La psychologie sociale cherche à produire dans un environnement micro social les mêmes effets à partir des mêmes variables, en vue de la généralisation d’une théorie. Le contrôle de la situation est plus ou moins prononcé en fonction de l’approche théorique des chercheurs.
Le paramétrage des variables est fort quand l’orientation est cognitiviste (et c’est là que Beauvois se situe), tandis que les méthodes de recueil sont moins directives dans les approches cliniques, d’autant plus délicates qu’elles s’effectuent « à ciel ouvert ». Quoiqu’il en soit, la circonscription de l’objet de recherche se doit toujours d’être précise, en vue de la production d’une théorie.

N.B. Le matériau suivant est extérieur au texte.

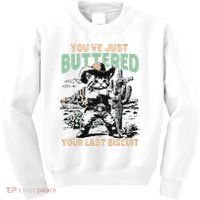 Cute Cowboy Kitten YouVe Just Buttered Your Last Biscuit Kids Sweatshirt thumb 0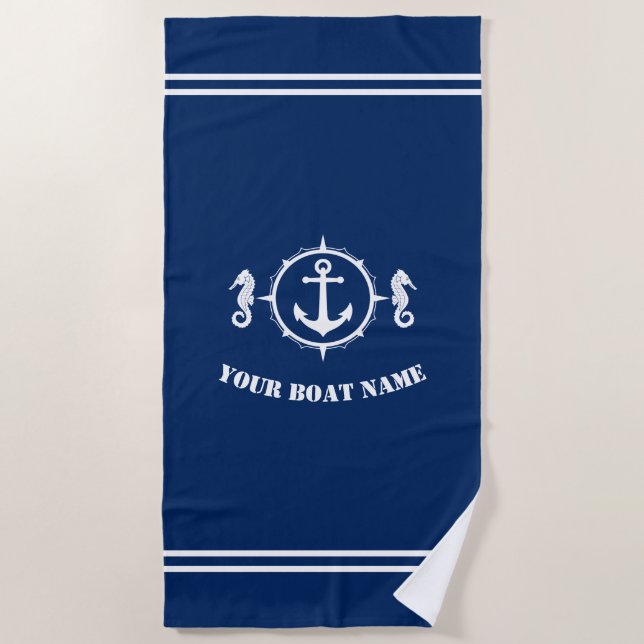 Seepferd Anker mit Schiffsname auf Navy Blue Strandtuch (Vorderseite)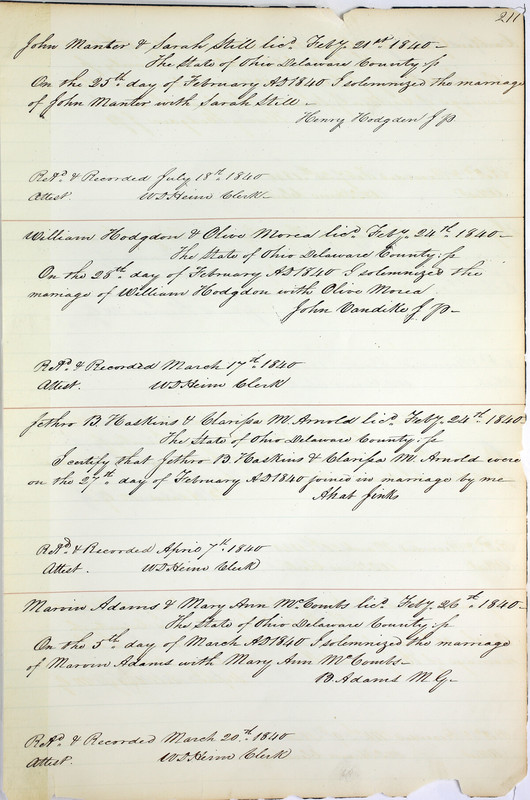 Marriage Records Vol.1 1835-1845 (p. 215)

La psychosociologie se définissant en tant que pratique d’intervention entre un consultant et un client, le champ de contrôle est beaucoup plus élargi. L’expérience de la rencontre s’ouvre sur une multiplicité de critères psychosociaux pour saisir la complexité de la situation. Le psychosociologue se situe davantage dans la phénoménologie, en laissant la place à l’expérience, sans chercher à confirmer une théorie psychosociale dans ses interactions avec le sujet. L’élaboration du savoir s’effectue à partir de l’expérience, le sens est co-construit par les protagonistes.
Ce que contrôle l’intervenant c’est le cadre, de manière à ce que le sujet puisse s’interroger sur différentes dimensions (intra individuelle, interindividuelle, institutionnelle…), pour lui permettre d’évoluer vers un changement. Ce changement est négocié avec le client, au fur et à mesure que s’élabore la demande. Le psychosociologue œuvre par son analyse, à repérer les représentations fantasmées, les idéaux individuels ou groupaux, les relations pathogènes, les normes et les valeurs contradictoires, pour permettre des ajustements créateurs dans la relation individu-groupe…
Si vous ouvrez le « Grand dictionnaire de la psychologie ». Ed. Larousse Bordas 1997, vous lirez en page 630, Psychosociologie : un synonyme de psychologie sociale. Puis, en page 724, Psychologie sociale : branche de la psychologie qui s’intéresse aux transformations des comportements, des caractéristiques psychiques que subit l’individu en société.
Ces deux définitions prôneraient alors plutôt le rapprochement …
Pour essayer de répondre à cette délicate question, je ferai référence à quelques auteurs et à ma pratique.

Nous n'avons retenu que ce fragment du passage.